The council’s letter also requested that councillors be installed on the RBH board immediately and for residents to be allowed to move back into empty homes on the estates until RBH builds new social rent homes elsewhere.

It added that “many concerns have been raised by councillors regarding our housing emergency, the democratic input and the continued lack of service to our housing estates”.

RBH was also urged to offer empty flats in the Seven Sisters towers as emergency accommodation during the coronavirus crisis and to put all decanting work on hold until the pandemic is over.

Mr Swarbrick’s letter claimed RBH has “worked closely with the council and with other local partners” to provide homelessness support during the outbreak and that “nobody will be expected to move at the current time”.

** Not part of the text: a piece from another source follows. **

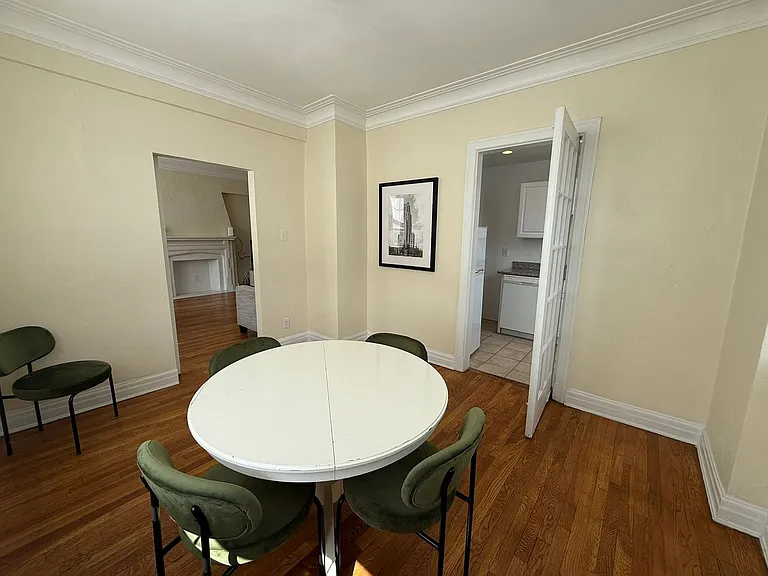New King Edward Apartments — Photo 401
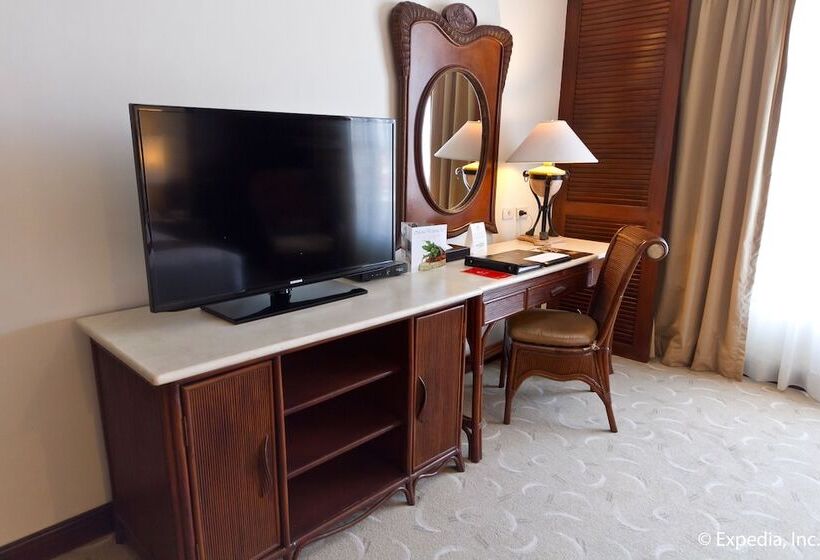 سوییت اجرایی, Waterfront Airport Hotel And Casino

He added that the association has been “working very closely with senior council officers since 2016 to develop a positive way forward for College Bank and Lower Falinge”.

There is a “severe mismatch between the quality, mix and choice of homes in central Rochdale and the needs and demands of local people”, he said, with the flats there seeing “much lower demand” than other types of home.

And he promised that the regeneration masterplan “will provide more homes at the end of the redevelopment process than the current number of homes in College Bank and Lower Falinge”, but said the “exact detail will be worked through in phases”.

Mr Swarbrick concluded: “I also look forward to receiving details of any viable alternative plan that the council has for investing the £90m-plus required at College Bank.

“Once these details are shared with us we will happily sit down with the council to discuss further”.

Around 7,000 households are on the housing waiting list in Rochdale, with around 150 joining each week according to the council.

Update: at 9.11am 27/04/20 more information about the regeneration plans was added to the story.